Terry Oxandale
Skinny Man
Not being someone who can just look at it and tell if it is a good and even surface like a pro-bodyman may, I have to use my hands, close my eyes and rub my hand over the body gently in the powdery dust "feeling" for high or low spots. Feeling for consistency in the contours. If the line is already cut between the panels, it upsets the movement of my hand and I lose track of the contour..
Maybe I'm nuts, but it's the best way I have found to do this.
Not at all! In fact, this method works better than using other senses until I do a wet sand where the sheen reflects the straight-tube florescent shop lights (per Fred'a note) to show deviations of thousandths of an inch.

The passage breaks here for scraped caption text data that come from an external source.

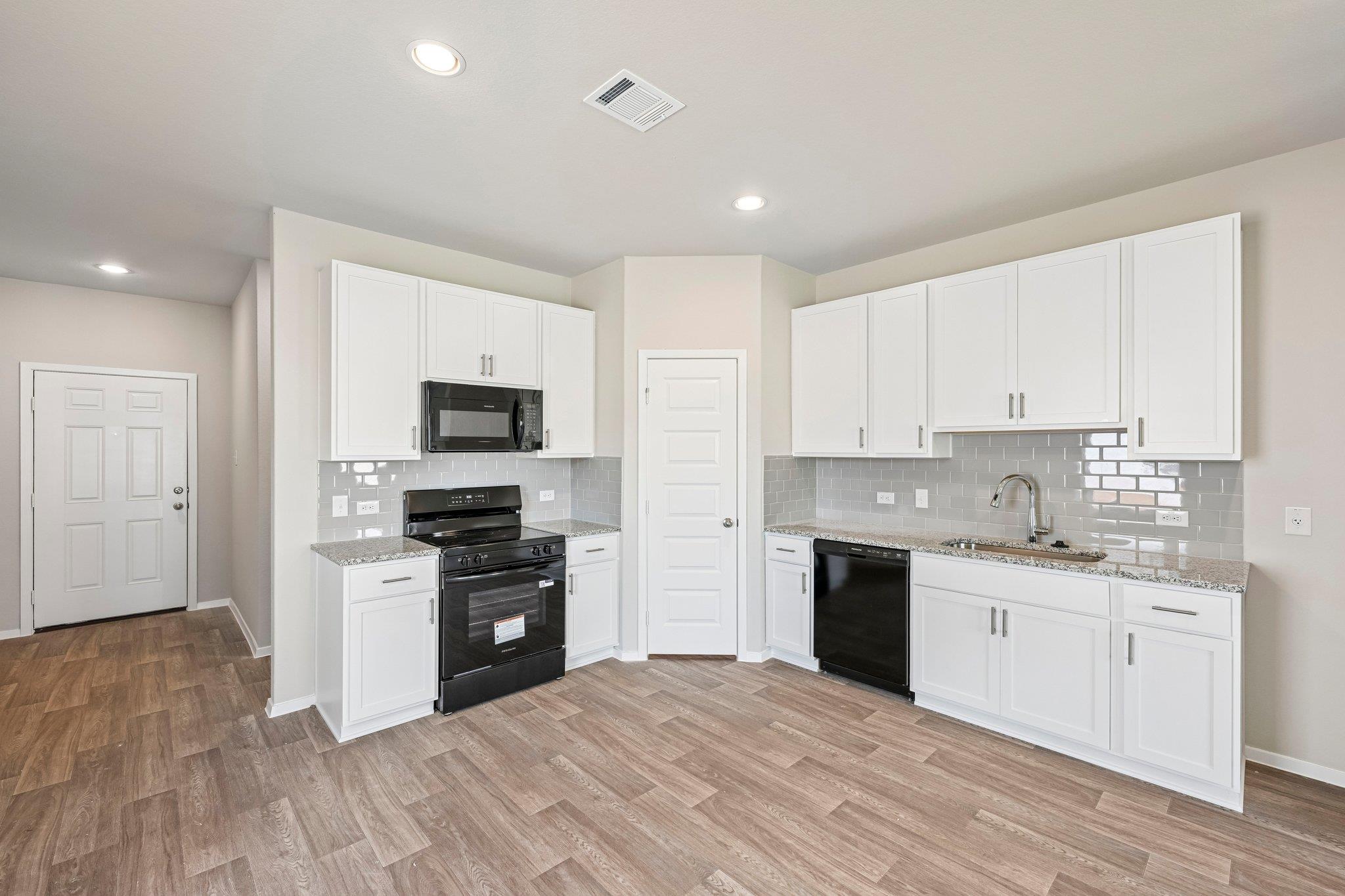 358 Golden Paint Trl Property Photo 6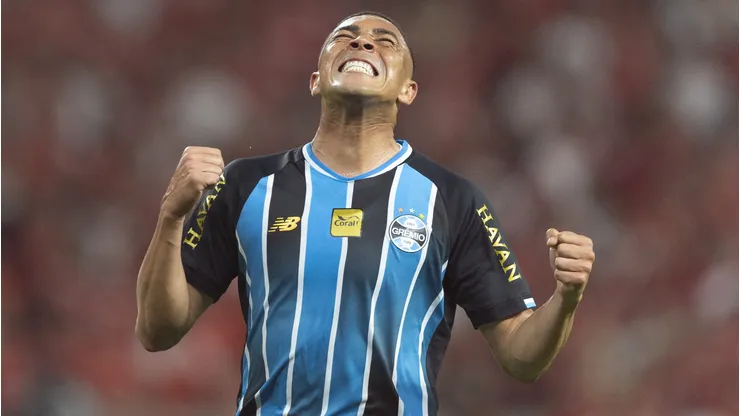 Carlos Vinícius é a principal arma ofensiva do Grêmio.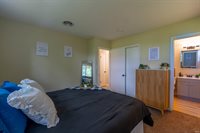 2312 N 200 E, Anderson, IN 46012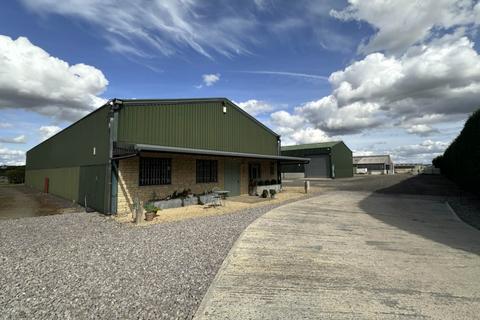 Warehouse to rent, Frogmore Farm Rd Moreton In Marsh GL56 9AA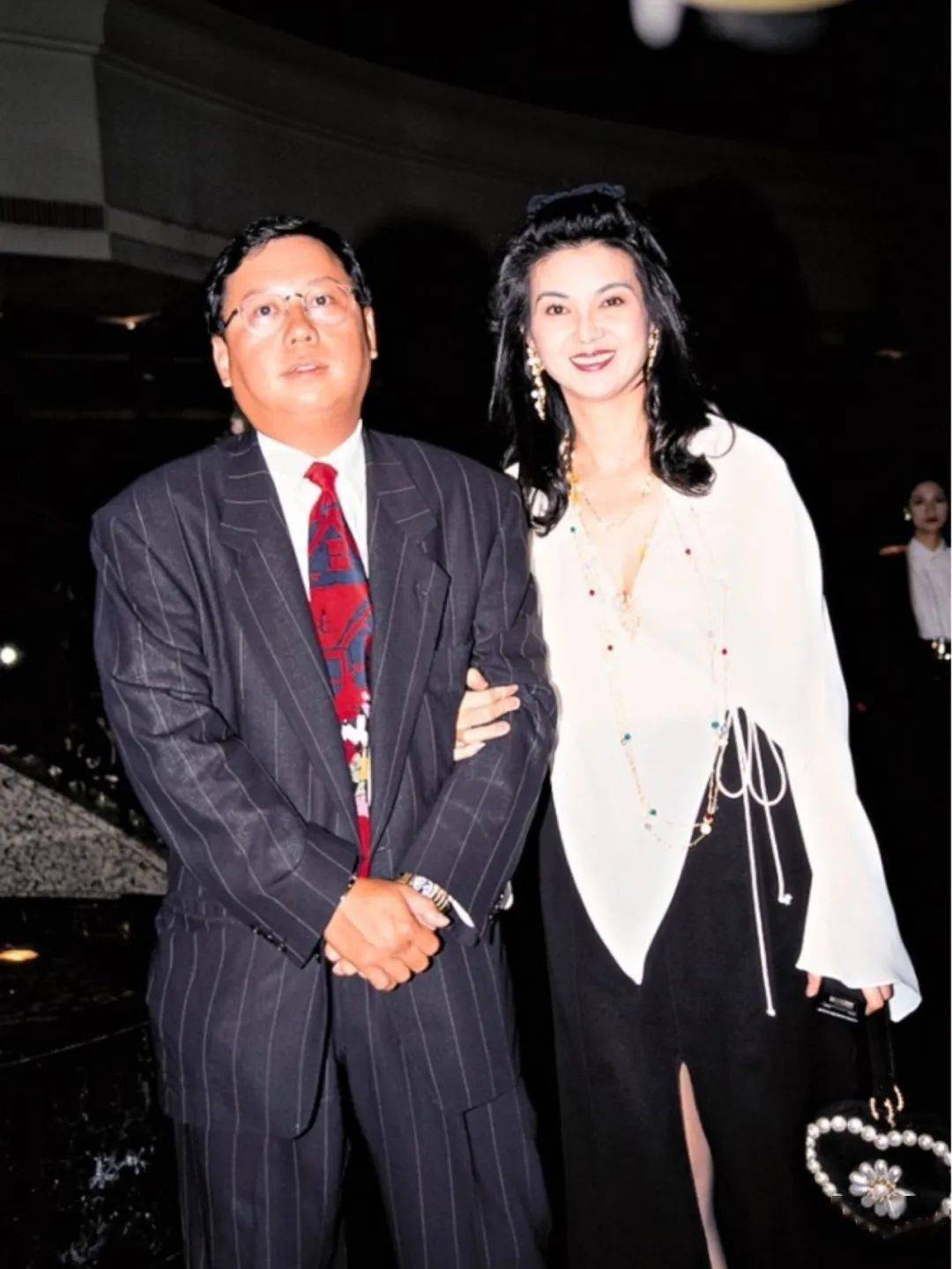 为了进豪门,大40岁她也嫁?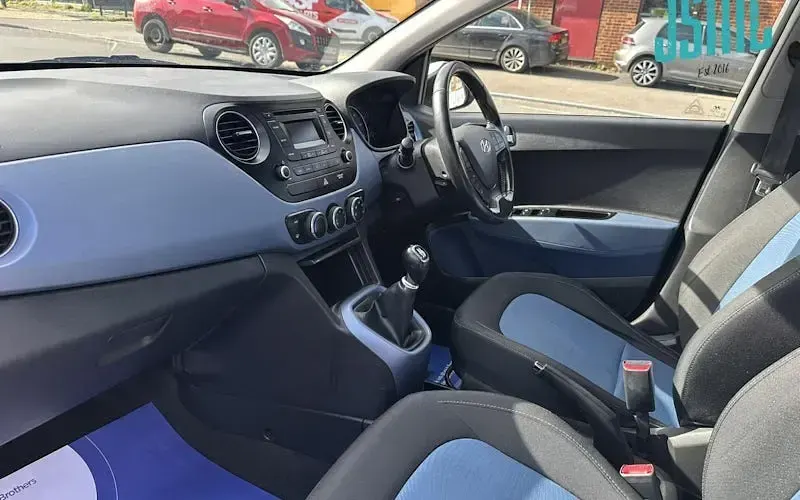 Używany Hyundai i10 Premium 87 KM (63 kW) 2015 Biały Hatchback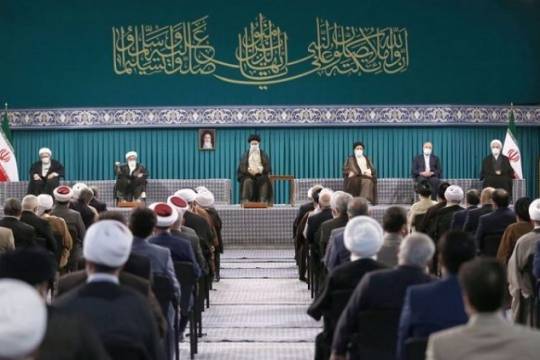 Ayatollah Khamenei meets with Iranian officials, guests of Islamic Unity Conference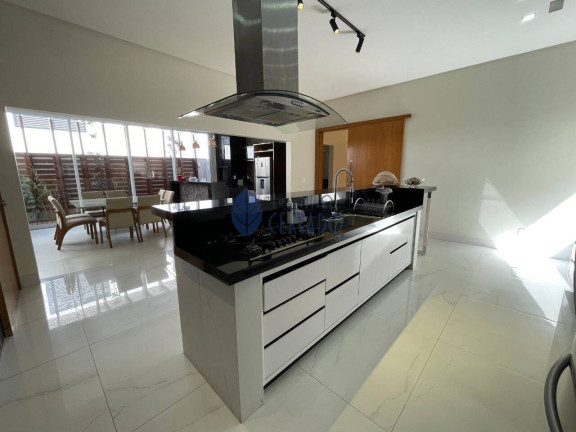 Imagem Casa com 3 Quartos para Alugar, 400 m² em Setor Bougainville - Anápolis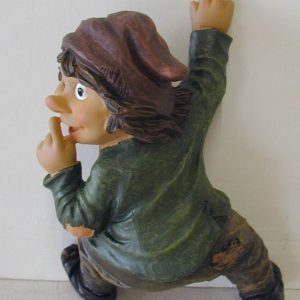 RESIN HANGING HOME & GARDEN FIGURE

Finding a perfect material for an idiot stick or sanding block is as much the art as is feeling the surface. 3M make some really good foam pads that come in a variety of stiffnesses, as well as some interesting stiff-foam longer sanding blocks that I've seen up to 18" long for those very slight curves used on our cars.
Here is a wet-sanded surface after rinse-off. The water stayed on it long enough to push it into the garage and review the work under the florescent tubes. They were very telling. This first photo looked pretty good.

This second photo (the other side of the rear panel) showed the flaw I felt with my hand, but couldn't see. Notice how I sanded through a couple of different shades of primer, yet the hump (sharp bend in the reflection of some PVC tubing hung at the ceiling) in the center of the photo, was still there indicating I still had some work to do.